Ferro/ Anemia ferropriva

5 de janeiro de 2019

Ferro/ Anemia ferropriva

 

– Facilitadores da absorção de ferro: forma heme (carnes e vísceras), acido ascórbico, acido cítrico, frutose, vitamina A e carotenóides.

– Inibidores da absorção de ferro: fitatos (cereais e sementes leguminosas), oxalatos e composto fenólicos (flavanoides, ácidos denolicos e tanino) – vegetais, achocolatados, chas, cafés, vinhos e refrigerantes; sais de cálcio e fósforo presentes nas proteínas do leite (caseina e soro) e do ovo (fosfoproteina).

– Quantidade de ferro não necessariamente se traduz em biodisponibilidade (exemplo: beterraba e feijão – tem bastante ferro, mas pouco biodisponivel).

– Risco aumentado de deficiência de ferro: deficiência materna de ferro, prematuridade, pequenos para idade gestacional, filhos de mãe diabética, clampeamento precoce do cordão umbilical, baixa ingestão, alterações duodenais (doença celíaca, doença de Crohn, giardíase, infecção por h. pylori), sangramento gastrointestinal (DII, parasitose, colite alergia).

– Pelo CDC (Center for Disease Control and Prevention), é recomendado o screening da deficiencia de ferro nos países com alta prevalência de deficiência de ferro (inclui o Brasil), iniciando entre 9 e 12 meses, repetindo 6 meses após e depois anualmente entre os 2 e os 5 anos. Ponto de corte recomendado de hemoglobina é 11g/dL. Pela Academia Americana de Pediatria (AAP): screening universal aos 12 meses, seletivo em qualquer criança com risco de deficiência de ferro ou anemia.

– Situações que favorecem a ocorrência de anemia: prematuridade, processos infecciosos e parasitários, estrutura familiar, antecedentes alimentares e historia dietética de risco => lactentes sem aleitamento materno exclusivo por 5-6 meses, lactentes em aleitamento materno exclusivo com mais de 6 meses, uso de leite de vaca no primeiro ano de vida, pré escolar com consumo excessivo de leite ou dieta pobre em alimentos ricos em ferro, crianças vegetarianas ou filhos de mãe vegetarianas.

– Diferentes estágios da deficiência de ferro:

* primeiro estagio: estoques baixos: Hemoglobina/ VCM/ Ferro sérico normais, ferritina diminuída, capacidade de ligação ao ferro e protoporfirina eritrocitária livre normais.

* segundo estagio: ferro baixo sem anemia: Hemoglobina  e VCM normais, Ferro sérico e ferritina diminuídos, capacidade de ligação ao ferro aumentada, protoporfirina eritrociataria livre normal.

* terceiro estagio: ferro baixo com anemia: hemoglobina, VCM, ferro sérico e ferritina baixos, capacidade de ligação ao ferro e protoporfirina eritrocitária livre aumentados.

– Diagnostico diferencial da anemia por deficiencia de ferro: talassemias (microcitose resistente ao tratamento com ferro, RDW normal), intoxicação por chumbo (anemia hipocromica microcitica, RDW normal, pontilhado basófilo grosseiro dos eritrócitos, elevação dos níveis de chumbo), infecções crônicas (anemia normocitica normocromica), traço talassemico, anemia sideroblastica (RDW alto e VCM normal). Quando considerar outro disgnostico: esplenomegalia, anemia não hipocromica microcitica, reticulocitose, pancitopenia.

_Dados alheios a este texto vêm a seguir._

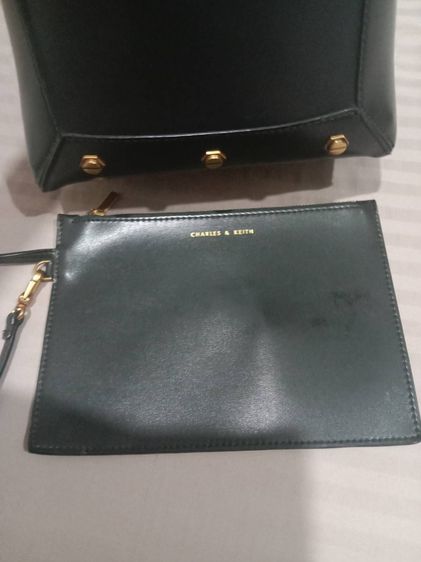 กระเป๋าสะพายสีดำ  Charles Keith รูปที่ 3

– Posologia de tratamento de suplementação de ferro: 3-6mg/kg/dia, diariamente, em dose única ou fracionada em duas vezes, antes das refeições principais. Se intolerância ao ferro (náuseas, epigastralgia, diarréia ou constipação): reduzir inicialmente a dose de ferro para posteriormente aumentar progressivamente; e/ou substituir por hidróxido de ferro polimaltosado ou ferro aminoácido quelato.

– Inibição da secreção acida (Inibidores de bomba protinica e antagonistas H2) é asscoaiada a diminuição da absorção de ferro.